Schempp W, Müller G, Scherer G, Bohlander S K, Rommerskirch W, Fraccaro M, Wolf U
Institut für Humangenetik und Anthropologie der Universität, Freiburg i. Br., Federal Republic of Germany.
Hum Genet. 1989 Jan;81(2):144-8. doi: 10.1007/BF00293890.
By in situ hybridization, Y-specific DNA sequences were localized on Xp22.3-Xpter of one of the two X chromosomes in all of eleven XX males studied. In nine of the cases the presence of the Y-specific DNA did not affect random X inactivation in fibroblasts. Fibroblasts of the other two cases showed a preferential inactivation of the Y DNA-carrying X chromosome. In only one of these two exceptions blood lymphocytes could also be studied, and here, random inactivation of the Y DNA-carrying X chromosome occurred. Furthermore, the gene dosage of steroid sulfatase (STS) was examined by Southern blot analysis. In ten of the cases including the one showing random X-inactivation in lymphocytes but not in fibroblasts, a double dosage of the STS gene is present. The remaining case with non-random inactivation shows a single STS gene dosage. This case was reported previously to have STS enzyme activity in the male range. It is assumed that, as a consequence DNA sequences may result in the preferential inactivation of the Y DNA-carrying X chromosome.
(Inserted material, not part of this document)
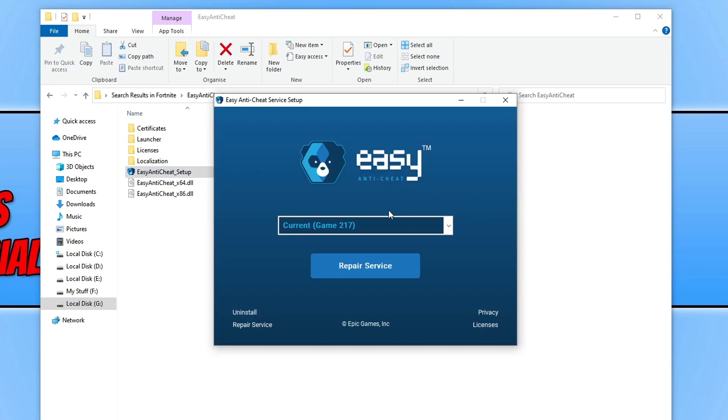You now need to make sure you have current selected. This will remove Easy Anti-Cheat for the game of the folder that you're in that you ran Easy Anti-Cheat on. For example, this will remove Easy Anti-Cheat from my Fortnite.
通过原位杂交,在所有11名XX男性中,Y特异性DNA序列定位于两条X染色体之一的Xp22.3 - Xpter区域。在9例中,Y特异性DNA的存在不影响成纤维细胞中随机的X染色体失活。另外两例的成纤维细胞显示携带Y DNA的X染色体优先失活。在这两个例外情况中,仅对其中1例的血液淋巴细胞进行了研究,结果显示携带Y DNA的X染色体随机失活。此外,通过Southern印迹分析检测了类固醇硫酸酯酶(STS)的基因剂量。在包括1例淋巴细胞中显示随机X染色体失活但成纤维细胞中未显示的10例中,存在双倍剂量的STS基因。其余非随机失活的病例显示单倍剂量的STS基因。该病例先前报道具有男性水平的STS酶活性。据推测,DNA序列可能导致携带Y DNA的X染色体优先失活。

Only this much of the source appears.